Em “Sem Tempo” e “Presente” apercebemo-nos da sensação de que tudo é efémero e por vezes, não há tempo ou espaço para cultivar a felicidade, tal como já foi referido no parágrafo 18º, no já citado poema "Inconsciência" a propósito dos poemas nele mencionados.

“Abrigo” exprime a necessidade de conforto e aconchego tal como no poema seguinte, “Santa Cidade”.

O livro termina com chave de ouro, sob a forma de um poema-desejo, uma chama a arder crestando a brancura do papel, intitulado “Chama por mim” que mostra todo o potencial de Marta Duque Vaz como poeta.

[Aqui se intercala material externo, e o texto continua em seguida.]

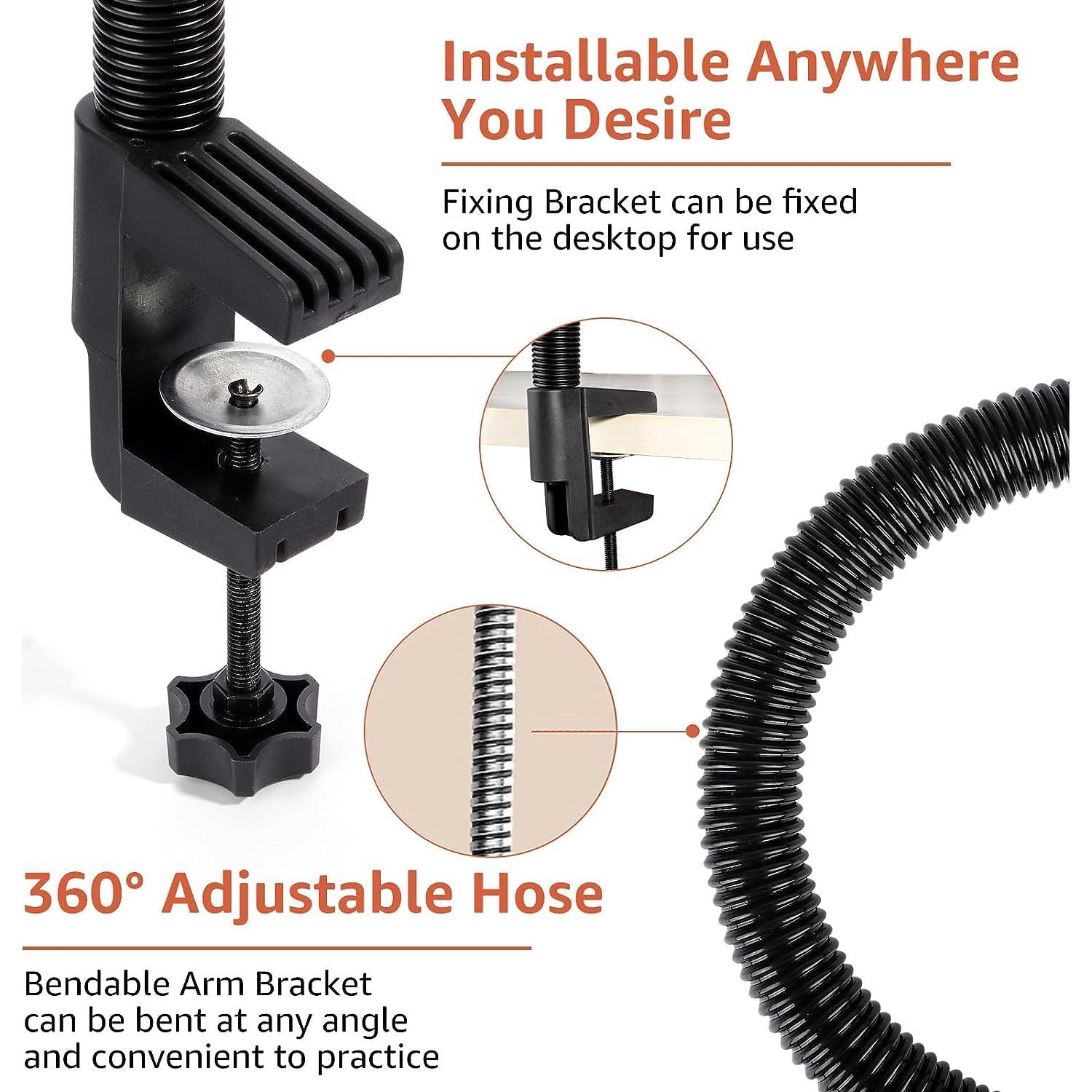 Mano de Práctica para Uñas Acrílicas L-Bulice con 100 Consejos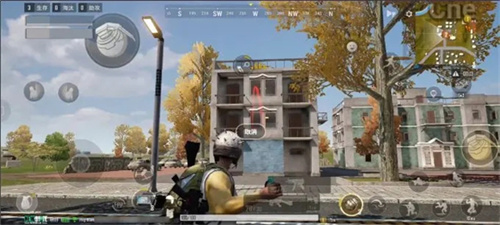 PUBG未来之役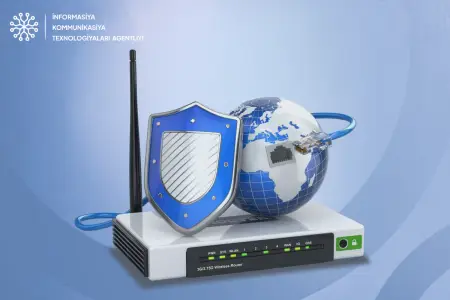 Azərbaycanda internet provayderi cərimələndi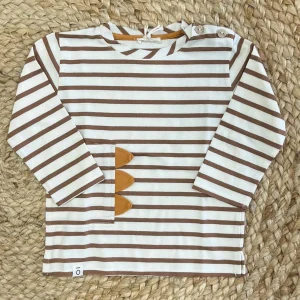 Ma Però Magliettina A righe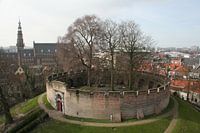 De Burcht Leiden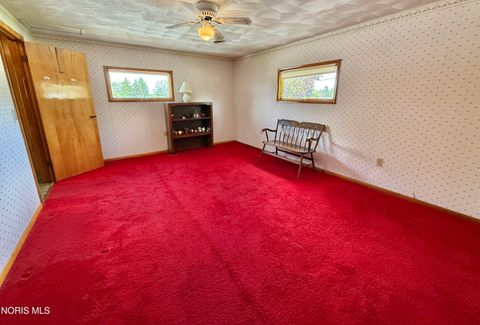 Tiny photo for 1326 Pennelwood Drive, Toledo, OH 43614 (MLS # 10006765)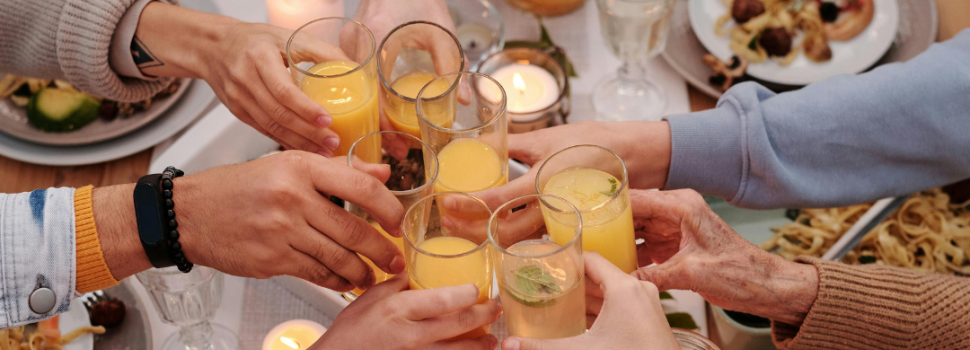 Community Meals Available in Warrnambool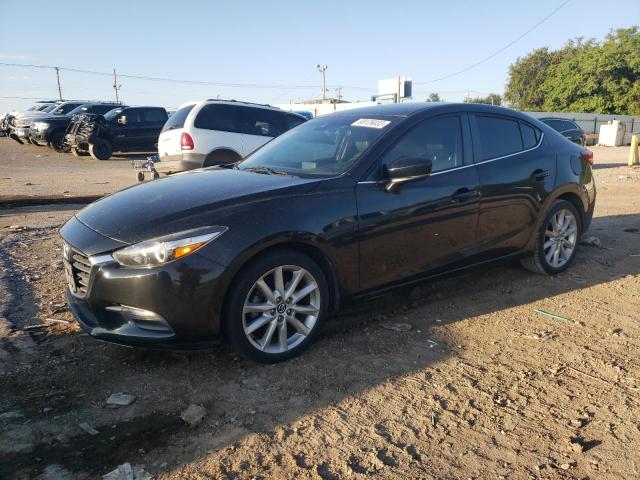 MAZDA 3 TOURING 2017 3mzbn1v71hm117677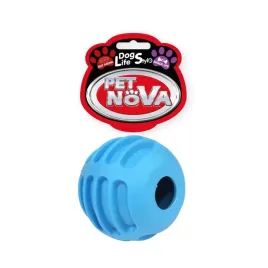 zabawka-dla-psa-pilka-na-przysmaki-kula-smakula-niebieska-6cm-pet-nova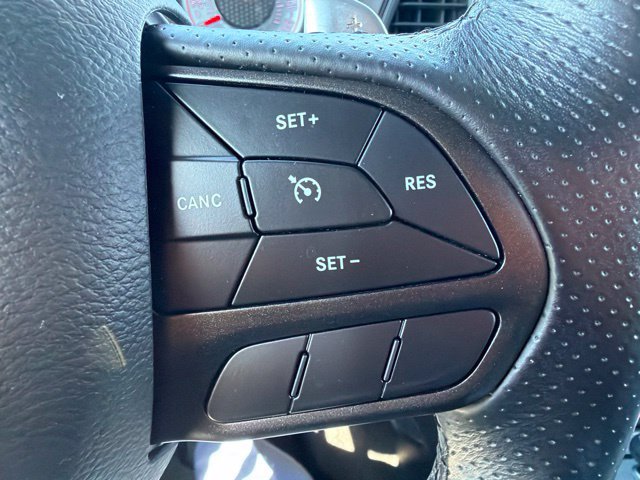 Used 2021 Dodge Challenger R/T Scat Pack w/ Shaker Package RWD image 14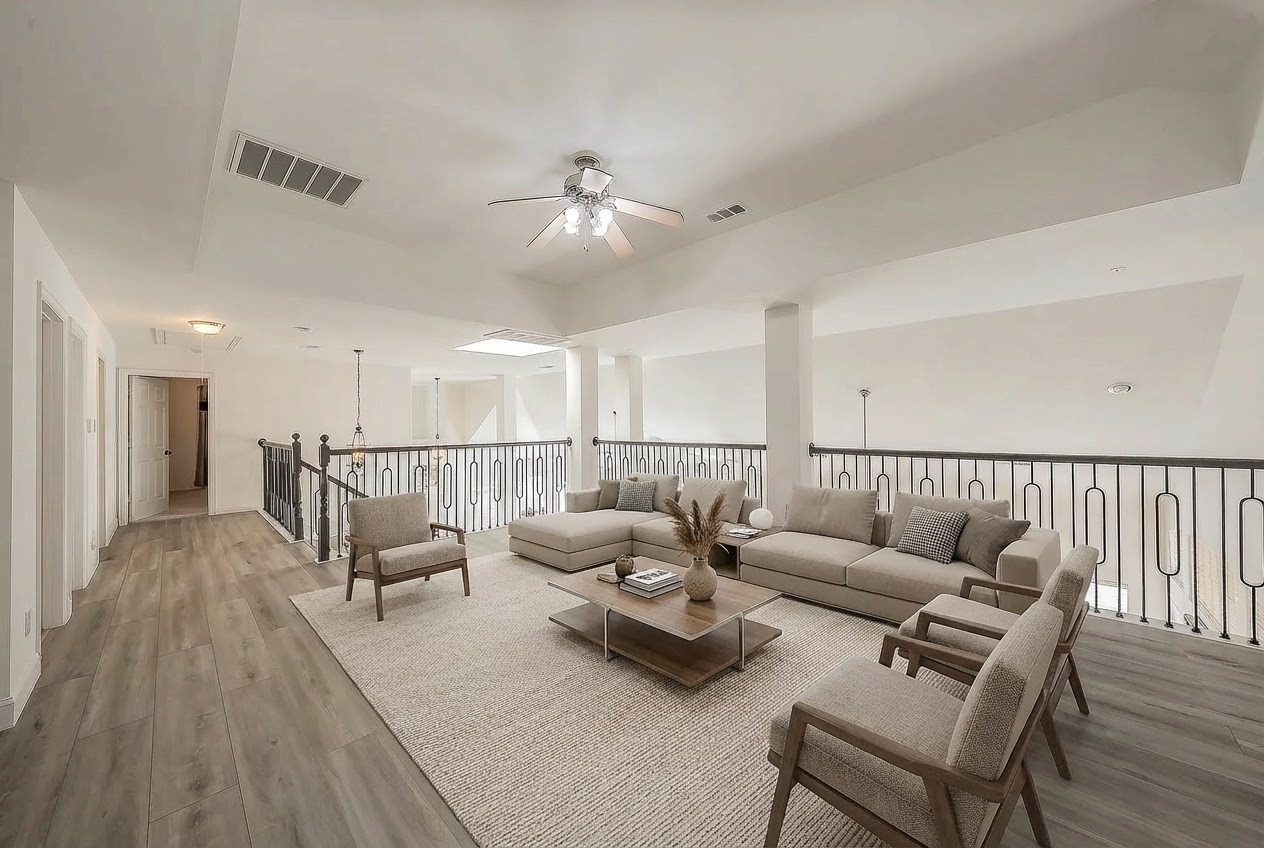 3221 Summerfield Drive Richardson TX 75082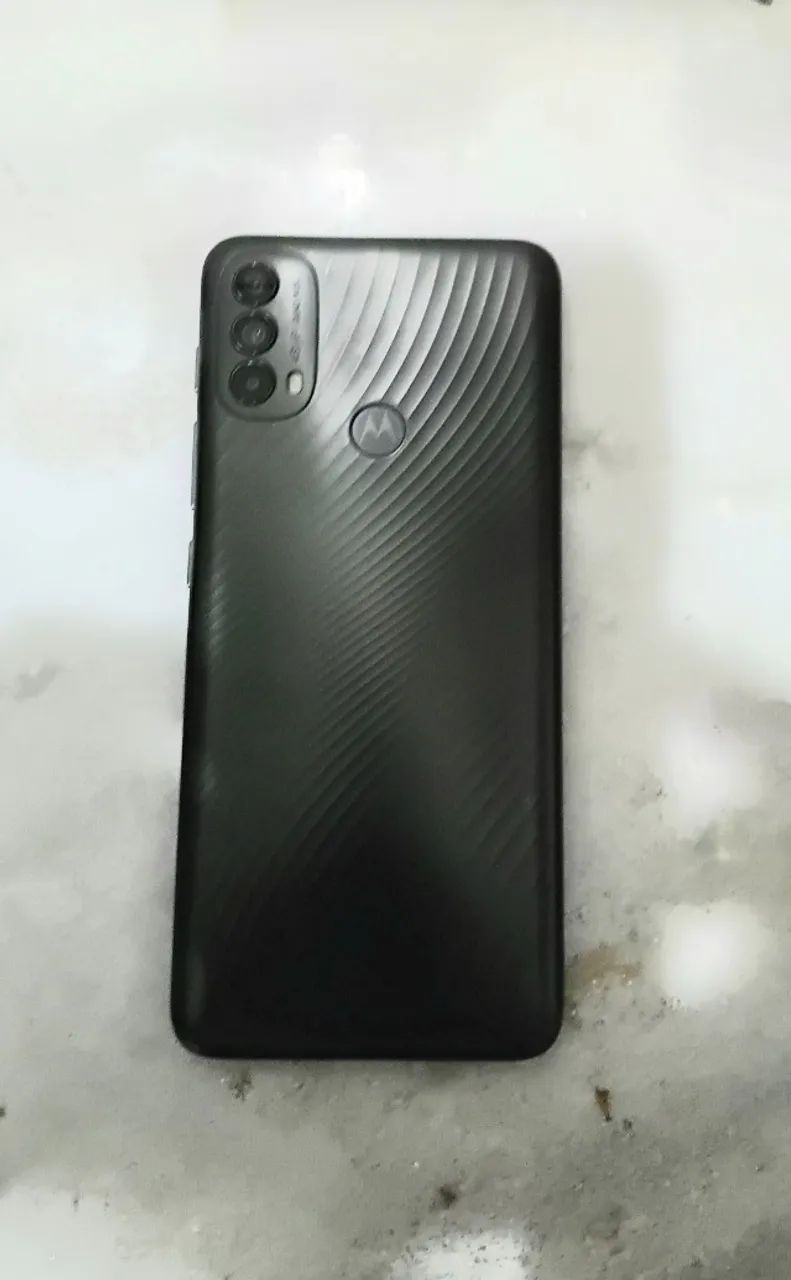 Smartphone Motorola e 40 - Foto 2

Uma poeta insubmissa, idealista com uma escrita recheada de rebeldia mas também de nostalgia e alguma saudade.


Cláudia de Sousa Dias

2 Comments:

Anonymous Anonymous said...

Que boa surpresa, encontrar isto aqui! Esta miuda devia era publicar um livro e outro e outro.
Não me refiro a este passo na sua adolescência, importante sim, mas ao que ela escreve na actualidade.
Mulher. Adulta.
É muito, muito bom.
Lê-la é muito bom.
Saia um novo livro de
Marta Duque Vaz! É urgente!

Cristina Vilar

6:32 PM  
Blogger Claudia Sousa Dias said...

Concordo plenamente!

Tem um imaginério e um interior riquíssimo.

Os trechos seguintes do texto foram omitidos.